Our club did 3-4 shows each year (Friday/Saturday/Sunday) and I tended to shoot more than one event. This helps if you want to shoot some wide angle to mix with the telephoto and is easier than handling two bodies in the dark. There are also times when 2 or more groups are on the ice at a time which makes it hard to get both. Shoot from different locations if you attend multiple events. It also helps because you never know which times they will skate clean versus fall. If you only have one show, then the dress rehearsal is your backup so treat it the same. 

Other parents usually aren't as critical. It will be better than anything they get from the stands with a P&S. And they will more likely be using a video camera or buy a video if the club has one made.


----------



## FTb-n (Oct 15, 2014)

This question is right up my alley. My daughter skates with a local club and now at the level where she earns solos in the annual ice show, she has her Axel and several doubles in her repertoire. Shooting ice shows is the reason that I invested in my 70-200 f2.8L II. It's also the reason why I upgraded from an XT to a 60D, then a 7D, and now a 5D3. A 1Dx would be great, but frankly the 5D3 is filling my needs quite well.

Your T5i can handle this, but if you are going to rent, rent a 5D3. With either body, your ISO will be between 1600 and 3200. I will often go beyond.

Whether its your T5i or a rented 5D3, get to know the camera. Know how to change settings and how navigate the menu before you get to the rink. Be prepared to trouble-shoot an errant setting and to change a shooting mode in a hurry and in the dark.

Lightroom 5 is great for noise reduction. You need more with the crop body than the with the 5D3. Shoot RAW.

The key is to get lots of practice. I assume that your rink is built for hockey. The best vantage point is the players box. It gets you at ice level and you avoid the plexiglass. The 70-200 on the 5D3 has great range from this position. I typically shoot in landscape. With a crop body, things can get tight when the skater gets close forcing a vertical shot. I use a monopod with a Manfrotto tilt head and quick release. I use the collar on the lens and the tilt head on the monopod lets me tilt up or down. The collar gives me the horizontal to vertical option.

Shutter speed will vary with the talent of the skater and the action on the ice. 1/200 minimum for younger skaters and spirals. Pan with the skater when you shoot. For rotational jumps, 1/500 is minimum. When I shot with the 7D, I was at first afraid to go beyond 1600 and often lived with shutter speeds of 1/320-1/500. Today, I typically shoot 1/500 to 1/1000. A sharp noisy photo is better than a blurry clean one. It's easier to clean up noise than blur.

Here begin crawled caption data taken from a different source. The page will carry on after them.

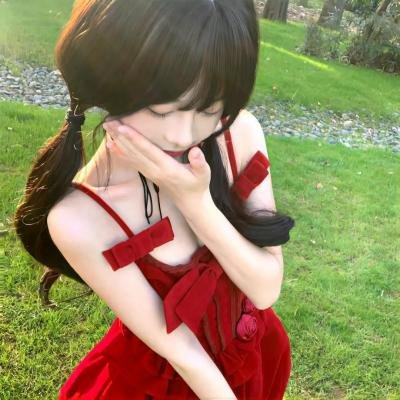 露营悄悄话
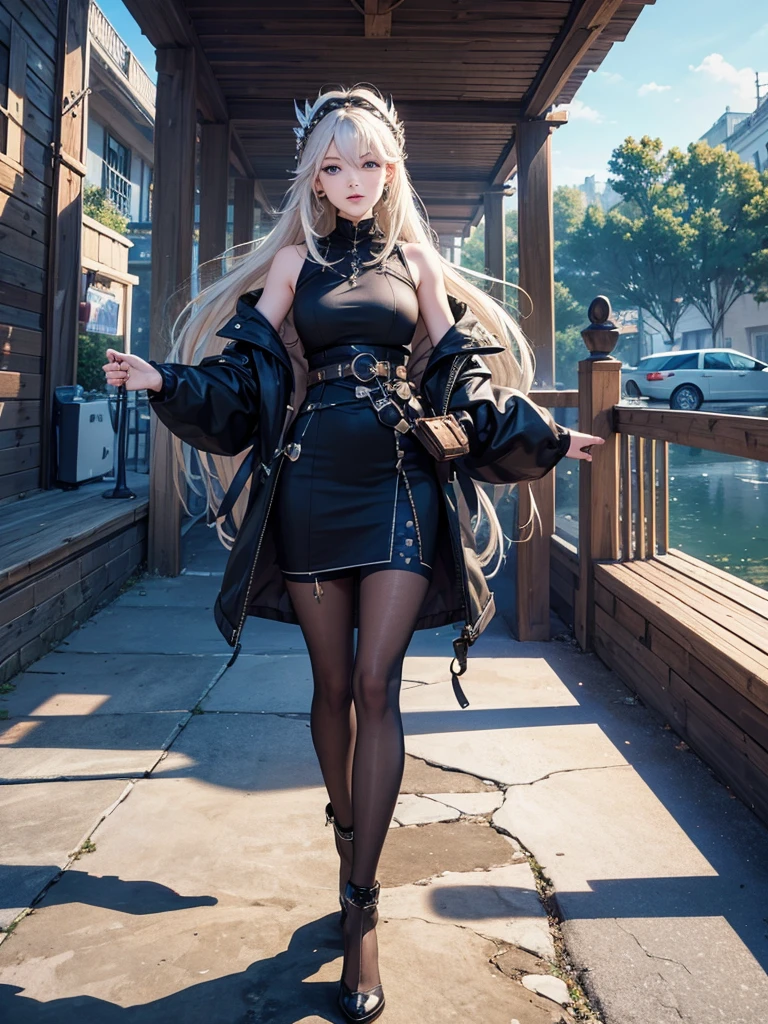 {{{artwork}, }}, {Highly detailed CG 8k Unity wallpaper}, can't believe it, The finer details, alone, {{Floating hair}, }, {{cherry blossoms}, }, Outdoor, null, {{Wind}, }, Detailed Background, Beautiful and fine details, transparent:Night Dress:0.3, Cleavage, Excellent students, {{whole body}, }, Dynamic pose, Dynamic Angle, Cleavage, Watching the audience, Fine clothes, Cinema Lighting, close, Better Quality, (((whole body, Big Ass, Thick hip muscles)))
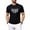 Black-11, variant on Mom's Favorite | Funny Son Brother Sibling Joke Mother's Day Holiday Family Humor T-Shirt for Men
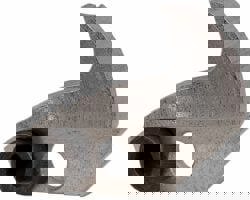 Aluminum Bar Puller Finger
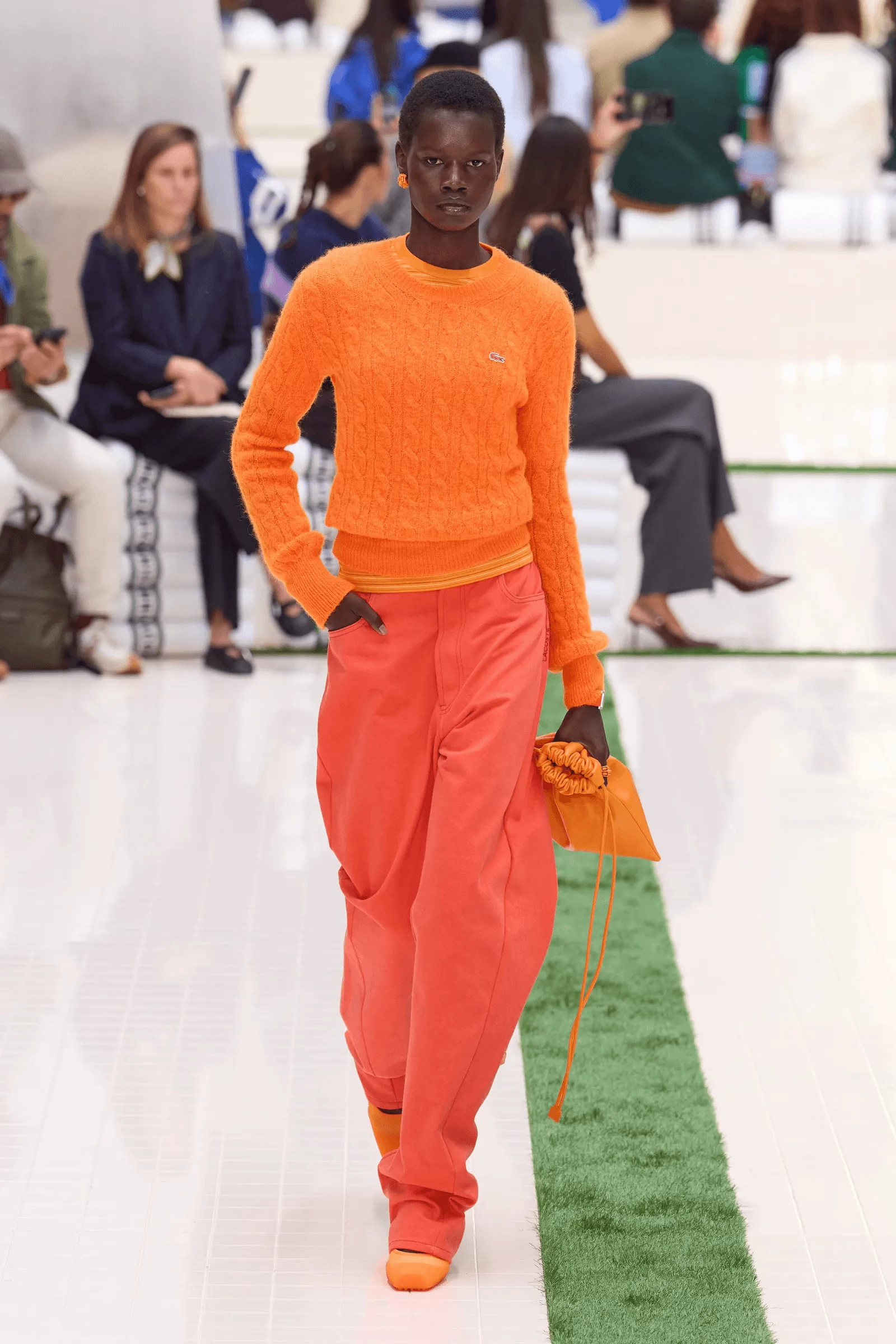 Lacoste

With my 70-200, cropping a shot from the 5D3 is sharper and cleaner than one from my 7D.

With the 5D3, I shoot with high FPS setting, AI SERVO, spot focusing with 8 expansion points, AF Case 2 (yes, I prefer this over Case 5 which is for erratic movement), back-button focusing, spot or partial metering, manual mode, RAW, AWB, f2.8, shutter 1/500-1/1000, and ISO 2000-4000.

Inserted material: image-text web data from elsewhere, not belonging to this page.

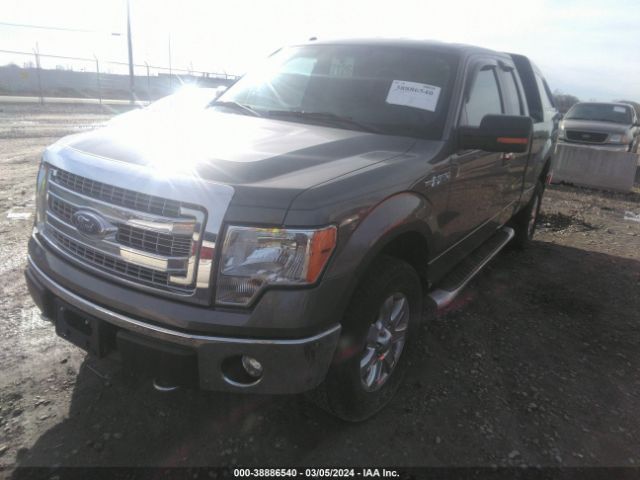 Photo 1 VIN: 1FTFX1EF6EFC64546 - FORD F-150 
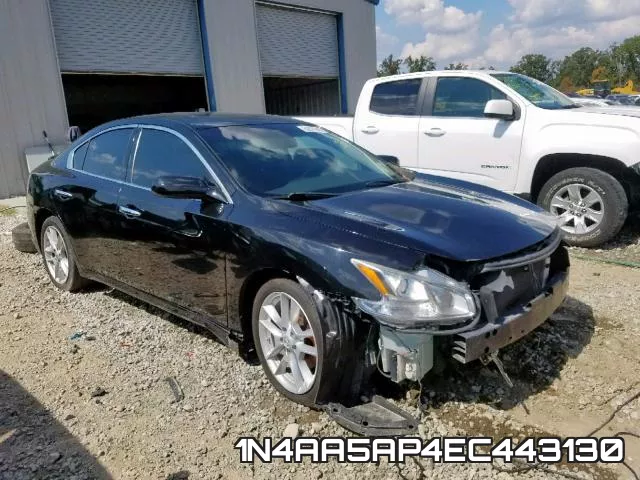 1N4AA5AP4EC443130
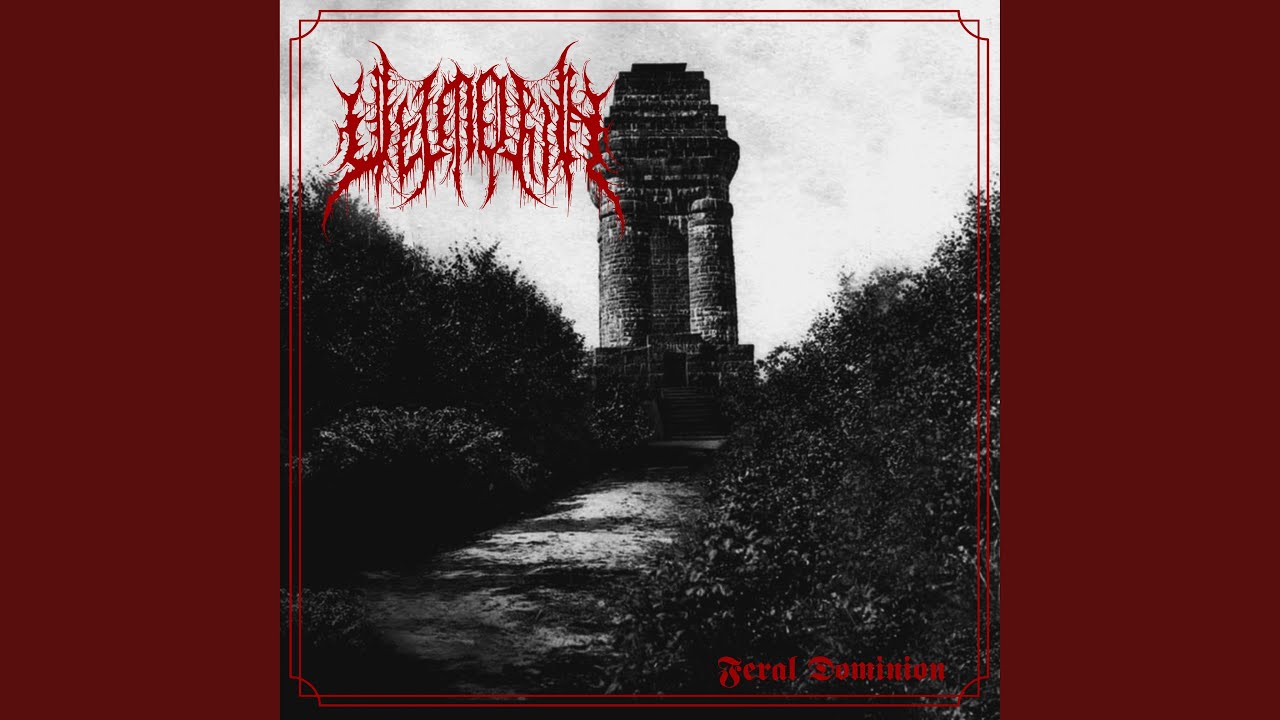 Feral Dominion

Regarding the IS on your lens, leave it on. Above 1/500, it may not help, but it doesn't hurt and it will help if you must go lower. Lately, I shoot a lot at 1/1000 with it on and off and cannot say that I've noticed a difference. The biggest problem with turning it off is forgetting to turn it back on when you need it, like with a shot backstage.

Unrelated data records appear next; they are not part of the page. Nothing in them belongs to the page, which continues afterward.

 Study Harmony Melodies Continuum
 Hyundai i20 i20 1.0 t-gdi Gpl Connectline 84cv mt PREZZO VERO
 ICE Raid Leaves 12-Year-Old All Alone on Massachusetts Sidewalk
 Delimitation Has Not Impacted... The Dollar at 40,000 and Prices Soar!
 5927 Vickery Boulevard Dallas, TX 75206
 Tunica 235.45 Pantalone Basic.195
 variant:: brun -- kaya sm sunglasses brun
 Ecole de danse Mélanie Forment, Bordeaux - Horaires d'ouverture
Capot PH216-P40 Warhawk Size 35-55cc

Anticipation is key. Shoot during practice so you know the routines and practice your timing. Unless you use a 1Dx with 12 FPS, do NOT rely on spray and pray to get the shot. Even with the 8 FPS of the 7D, burst mode is no substitute for timing. Surprisingly, I am more likely to burst during a slow spiral than a fast jump. With the spiral, I'm looking for background and little happens between frames. With jumps, a lot can happen between frames at 8 FPS. Split jumps are often the best to shoot because you can get some hang time at the peek of the jump. I do often burst a couple frames when I try to get the apex of the jump (sometimes due to a heavy finger). This is what you want to shoot. For rotational jumps, get the take-off, try to get the apex, than the the landing. Single jumps are tough. If the skater is facing you during the take-off and landing, they then face away from you during the apex of the jump. Just about ever point in between these can be very unflattering.

The 7d and the 5D3 are great for tracking the skater. Use AI Servo. But understand how it works. It keeps track of movement to predict where the subject will be when you trip the shutter. Skater's change direction frequently and can through off the AI Servo. This is a bigger problem for Rebel's than the 7D and 5D3. To get around this, get in the habit of lifting your finger off the shutter briefly when the skater changes direction. I assume that you are "riding" the shutter (or back focus button) to track the skater. With AI Servo, ride it, that is, be sure to pre-focus for at least second before shooting. This gives the chip more info to predict the focus when the shutter trips.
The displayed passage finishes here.